Hospice offers holistic care that focuses on maximizing the quality of one’s remaining life by addressing physical symptoms and the emotional and spiritual impact on the person and their family.

“Hospice is a wonderful program. People are so afraid of hospice because you hear about end of life,” said Heather Sellers, RN, BSN, CHPN, in a recent interview with AFTD HelpLine Specialist Ann Schoonover, MSW, LSW. But, as Heather put it, “I tend to think of hospice as: How do you want to live for the rest of your life?”

Many families on the FTD journey benefit from hospice services at the end of life. With a little foreknowledge of what hospice is, when it can be the right time, and how to find a provider, families can ensure they are confidently availing themselves of this unique service.

Hospice care, covered by Medicare, Medicaid, and most private insurance plans, is for people with a life-limiting illness who are expected to live six months or less, though it’s not uncommon for a person with dementia to remain in hospice longer as it can be difficult to determine the exact trajectory. In Heather’s case, she and her family cared for their mother in hospice for a year and a half.

Heather said that “the hospice team is a group of experts in symptom management and providing care to the wholeness of the person.”  The interdisciplinary hospice team generally includes a nurse, social worker, chaplain, and aide. Although 24/7 care isn’t provided, families have access to on-call support. It also includes a five-day respite benefit at a Medicare facility. Hospice will coordinate and provide equipment such as a hospital bed, bedside table, bedside commode, wheelchair, or oxygen concentrator, if needed. They can also provide some supplies like mouth swabs or adult briefs.

Hospice can be provided in a home or in a facility; the setting can change while the person is under service. Hospice workers will help coordinate any needed transitions.

A hospice nurse case manager herself, Heather had nevertheless not heard of FTD until her mother, Susan, was diagnosed after a lengthy period of unusual changes and misdiagnoses. Susan was eventually placed in an assisted living facility; after a period of decline there, Heather decided to bring her back home under hospice services.

Their journey with FTD was marked by challenges and sadness, of course, but Heather recalls hospice as a “beautiful experience” for her whole family. “There were so many emotions, but it really felt like living,” she recalled. “I could not have done it without hospice.”

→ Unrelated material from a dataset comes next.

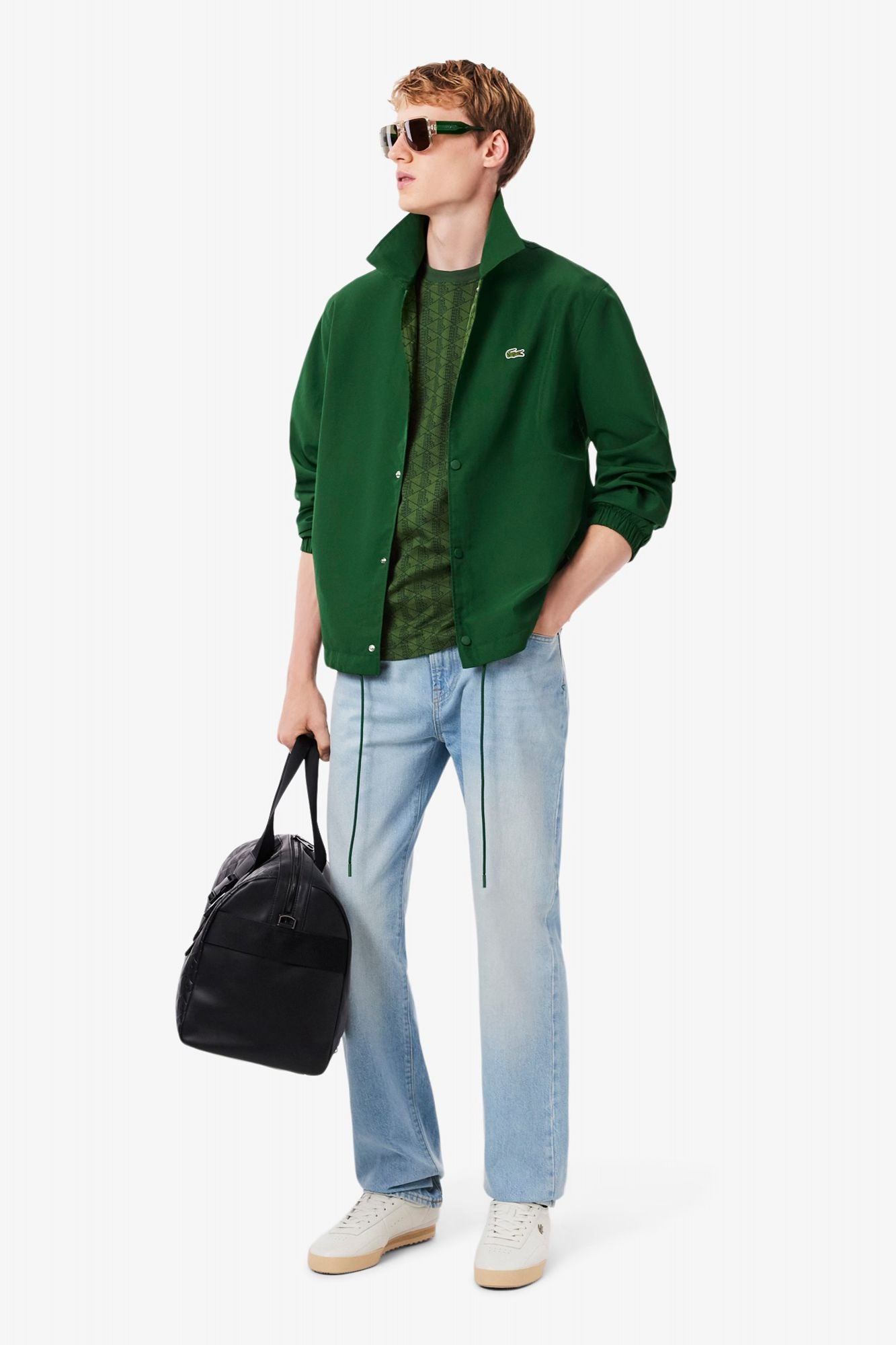 LACOSTE MONOGRAM T-SHIRT en color VERDE (4)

In FTD’s late stages, the person diagnosed often becomes dependent on others for personal care, or experiences frequent hospital visits, infections, or other health issues, often at a time when communication abilities are minimal. Families frequently consider hospice at this point in the FTD journey. Heather told AFTD that in some cases the person’s medical team may initiate the conversation about hospice, but family members should feel free to broach that conversation with their providers as well.

Once a referral has been made, a nurse from the hospice agency will complete an evaluation and seek the required confirmation from two doctors to determine if the person is eligible. Some people will have other conditions such as ALS or a chronic condition that would be considered as well. If the person is eligible for services, the hospice team will guide the family on the next steps to sign onto hospice.

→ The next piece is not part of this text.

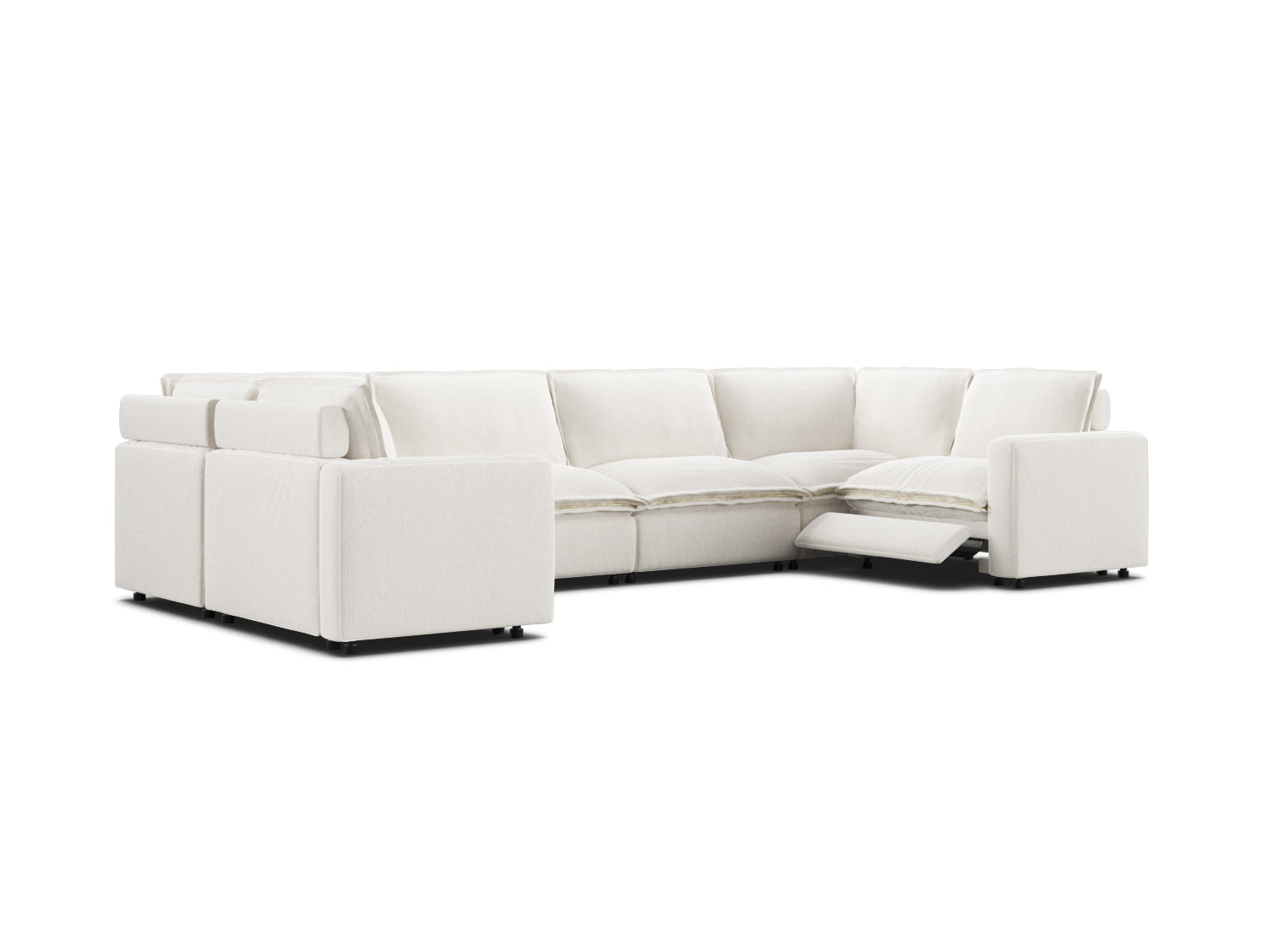 U-shaped sectionals allow groups or families to face one another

Medical professionals may require education about FTD, both in the evaluation stage and during hospice itself. Heather said that she didn’t feel prepared for how often she would have to explain how FTD symptoms and disease progression differ from those of Alzheimer’s disease. AFTD resources can help families share basic information about FTD and provide education opportunities for health professionals.

Hospice providers vary, so recommendations from friends, colleagues, or health professionals can be helpful. Look at agencies’ Medicare ratings, which are based on surveys from patients and families, both during and after service. Lack of a rating may indicate they don’t submit data to Medicare. Use Medicare’s Hospice Locator to find agencies in your area and see their ratings.

Reach out to hospice agencies directly to ask questions about their services and express any concerns. Families can also change hospice agencies if they wish or even choose to leave hospice after being enrolled.